Juntando os itens que são pedidos pelos moradores e os levando até eles, Adam recebe novas armas para se defender, assim como dinheiro e itens para a casa. Estes itens podem ser móveis ou decorativos, como lâmpadas, candelabros, modelos de papel de parede, portas e até mesmo sementes de planta bala.
Adam pode aumentar sua casa ao quebrar paredes com uma picareta, expandindo o número de itens em casa. Sempre que o faz, certos itens concederão melhorias como mais vida, aumento na recuperação de fôlego, mais dano com determinado tipo de arma, e assim por diante.
Busque sempre completar os pedidos dos clientes, para juntar dinheiro e gastar com os vendedores da cidade e sangue para regar suas plantas. Mas cuidado: além das criaturas que querem o seu sangue, você tem apenas 10 minutos para sobreviver na cidade. Após este período, caso não tenha encontrado e chamado um elevador, a noite o engolirá e o matará.
Hell is Others é divertido e excitante, colocando o jogador sempre em uma ansiedade de sobreviver a cada descida à cidade. Ainda assim, tenho que admitir que a instabilidade dos servidores me deixou frustrado, pois enfrentei algumas quedas.
Do paraíso ao inferno em minutos
O cone de visão foi uma boa ideia, mas a mira estendida com o botão direito do mouse é desajeitada e atrapalha mais do que ajuda na hora de atirar. Outro problema difícil de se contornar são os jogadores que muitas vezes ficam a espreita dos elevadores que podem ser abertos, de tocaia esperando algum jogador chegar para matá-lo.
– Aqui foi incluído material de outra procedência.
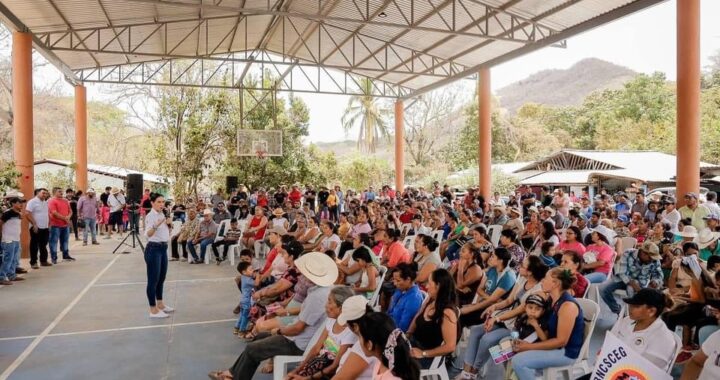 Liz Tapia, candidata a la presidencia municipal de Zihuatanejo, recibe el respaldo de las comunidades de la Sierra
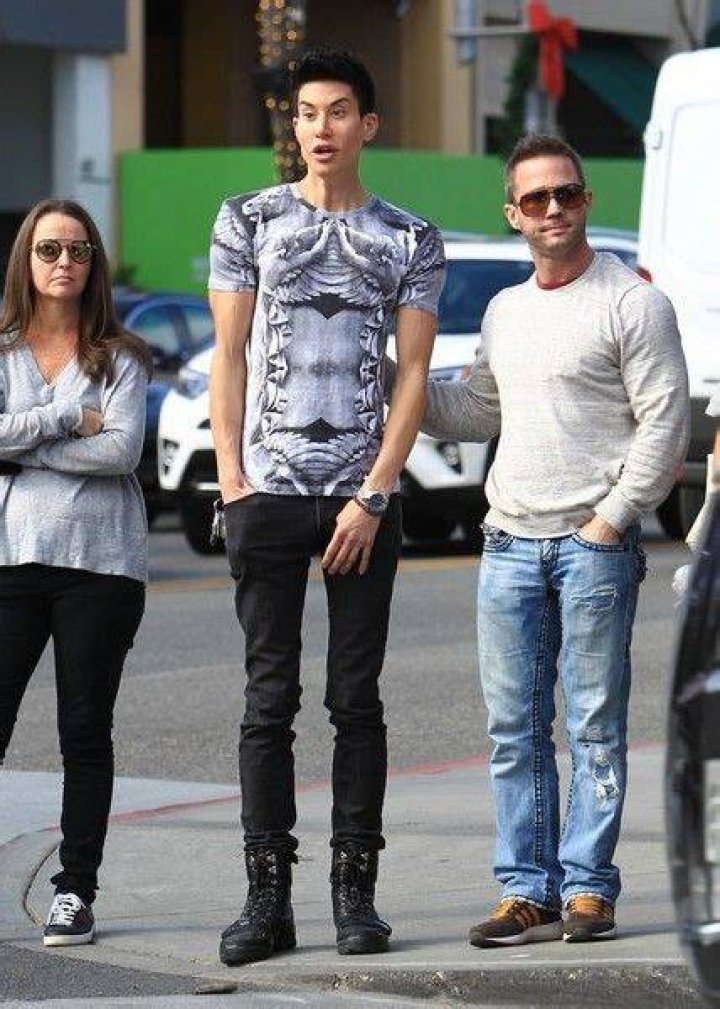 Justin Jedlica & His Boyfriend Grab Lunch In Beverly Hills Zimbio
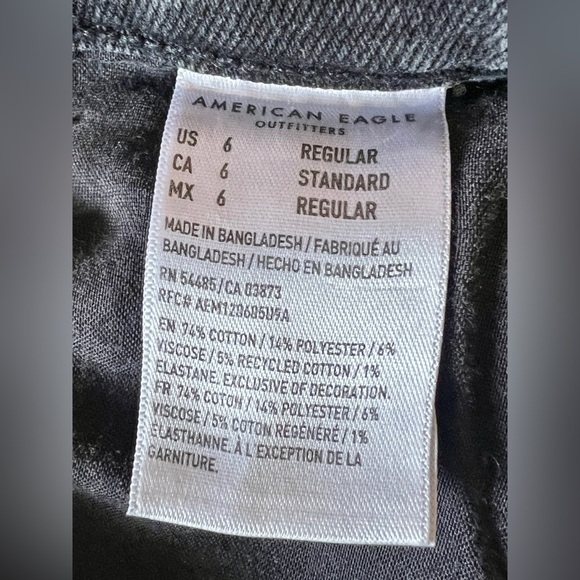 American Eagle Charcoal Straight Leg Mom Jeans - Size 6 (28") - Picture 11 of 12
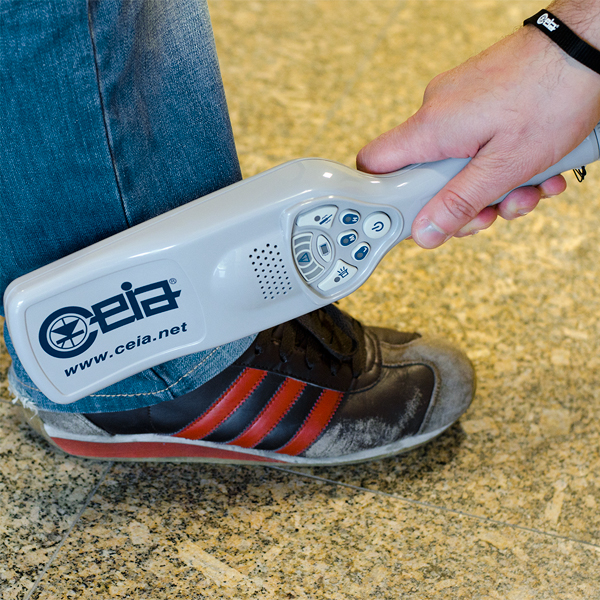 ขายถูก เครื่องตรวจจับโลหะ แบบมือถือ CEIA รุ่น PD140N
A falta de um local preciso de onde encontrar certos moradores também não ajuda. Encontrar Stellan em La Cittadela, por exemplo, foi particularmente difícil pra mim. Devo ter rodado por muito tempo aquele bairro para encontrá-lo. E só encontrei porque ele soluçou e me deu uma dica sonora. Poderia ser um pouco mais fácil para avançar nas missões.
Hell is Others é cirúrgico na sua ideia, adaptando de maneira excelente a obra “Entre Quatro Paredes”. Porém, ainda há alguns pequenos problemas em sua concepção e gameplay, como a mira problemática e as personagens (muito) escondidas. Mas esta certamente é uma experiência única, digna do gênero e de seu nome.